* Work to be completed
Below are the entries; give again exactly the lines from the one mentioning "biaungdo-clear-shower-knob-replacement-s-5.jpg" through the one mentioning "ABK Sensi Roma", inclusive.

*** Opening of Available data ***

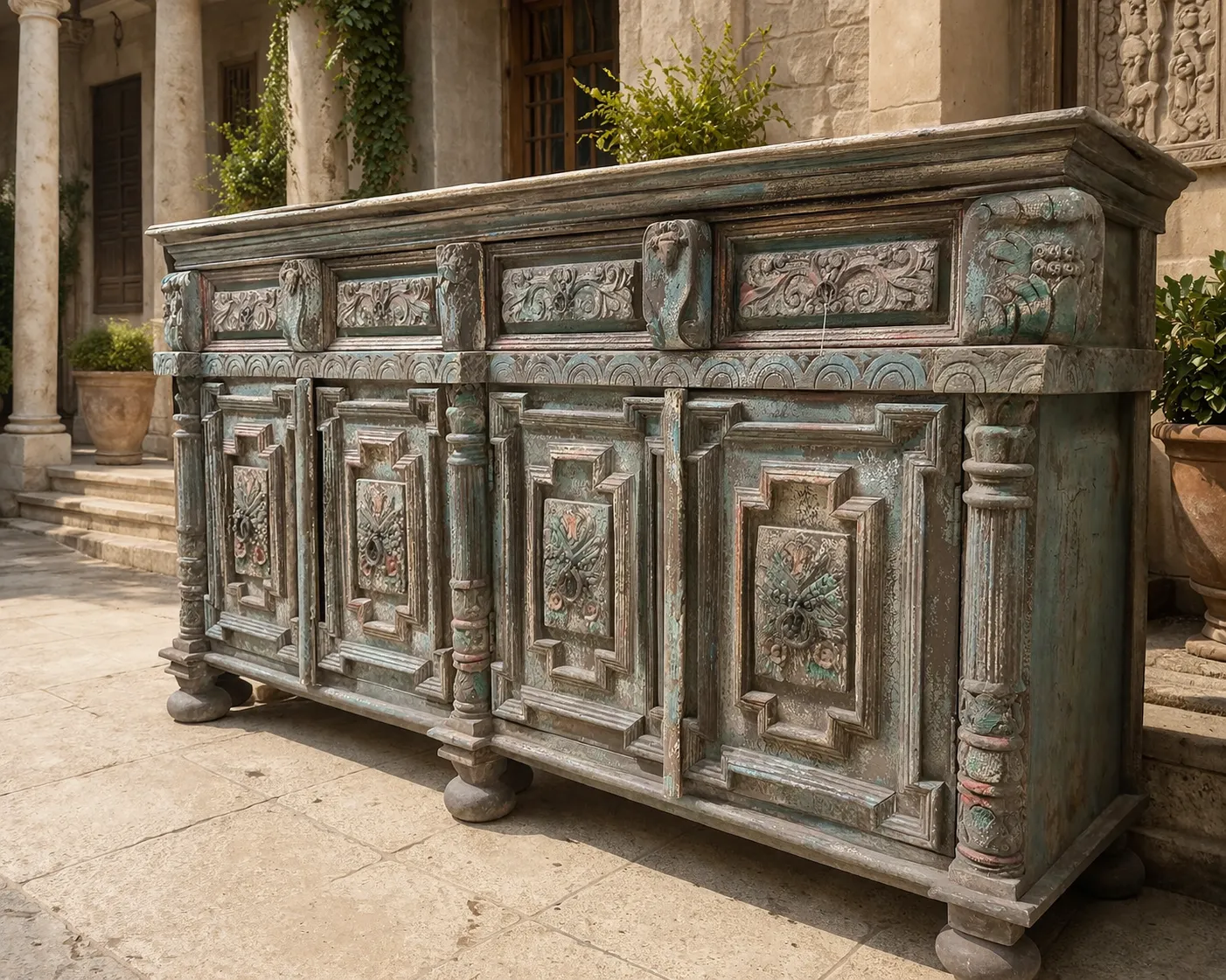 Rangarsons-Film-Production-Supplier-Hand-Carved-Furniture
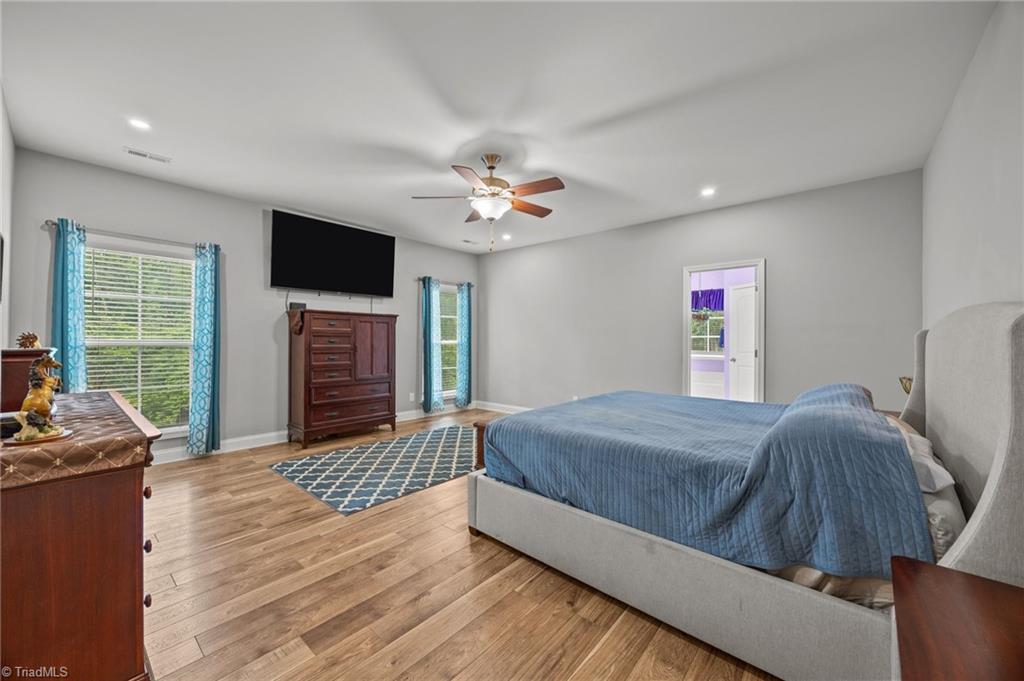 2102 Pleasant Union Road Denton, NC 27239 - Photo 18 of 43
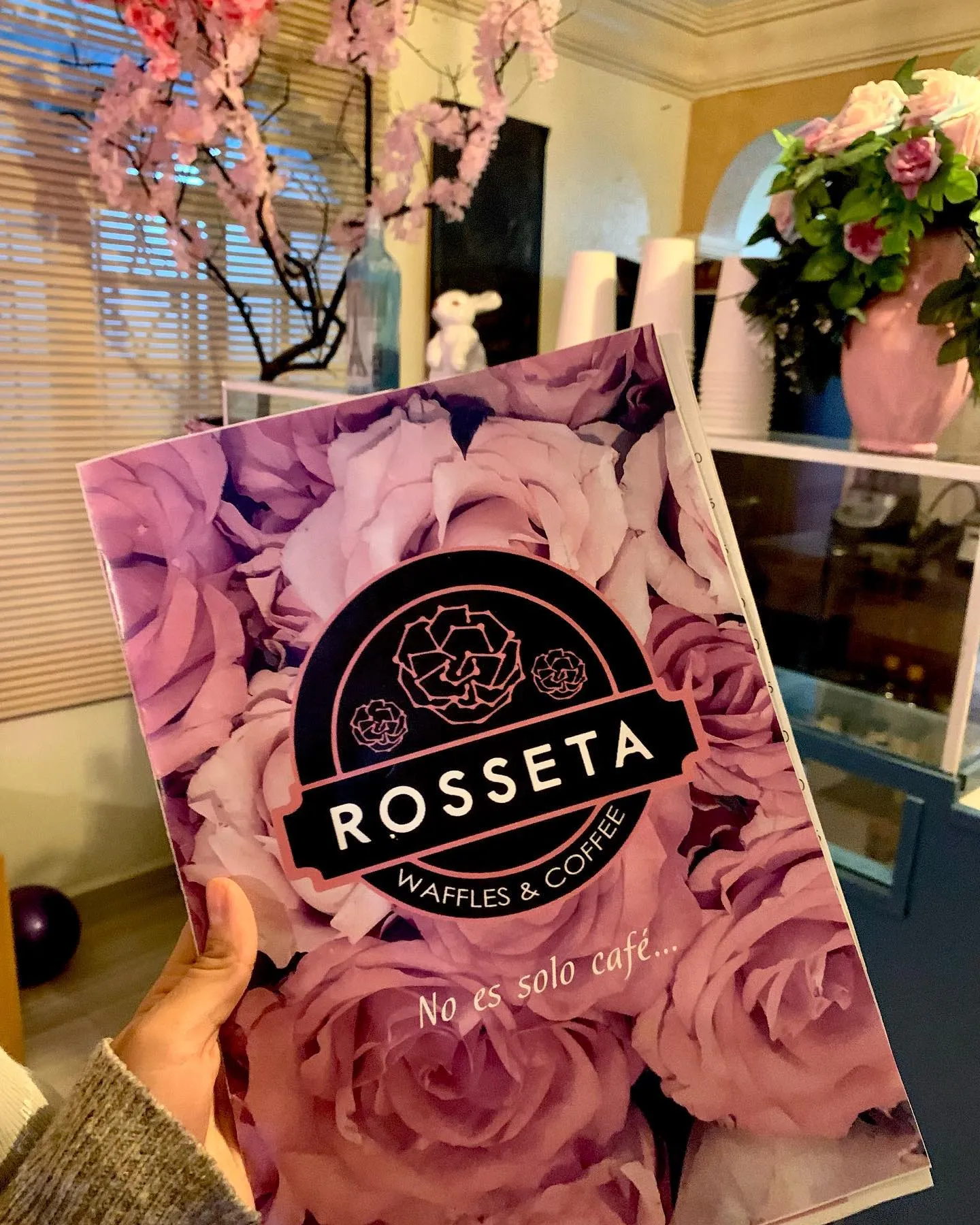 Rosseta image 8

*** Close of Available data ***
*** Opening of Available data ***

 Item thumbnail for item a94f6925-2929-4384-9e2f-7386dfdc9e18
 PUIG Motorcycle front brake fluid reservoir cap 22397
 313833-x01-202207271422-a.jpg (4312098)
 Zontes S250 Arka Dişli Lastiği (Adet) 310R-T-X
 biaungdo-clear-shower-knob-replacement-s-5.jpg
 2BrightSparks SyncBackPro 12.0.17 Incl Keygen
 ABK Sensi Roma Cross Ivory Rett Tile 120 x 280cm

*** Close of Available data ***

* Answer box
 biaungdo-clear-shower-knob-replacement-s-5.jpg
 2BrightSparks SyncBackPro 12.0.17 Incl Keygen
 ABK Sensi Roma Cross Ivory Rett Tile 120 x 280cm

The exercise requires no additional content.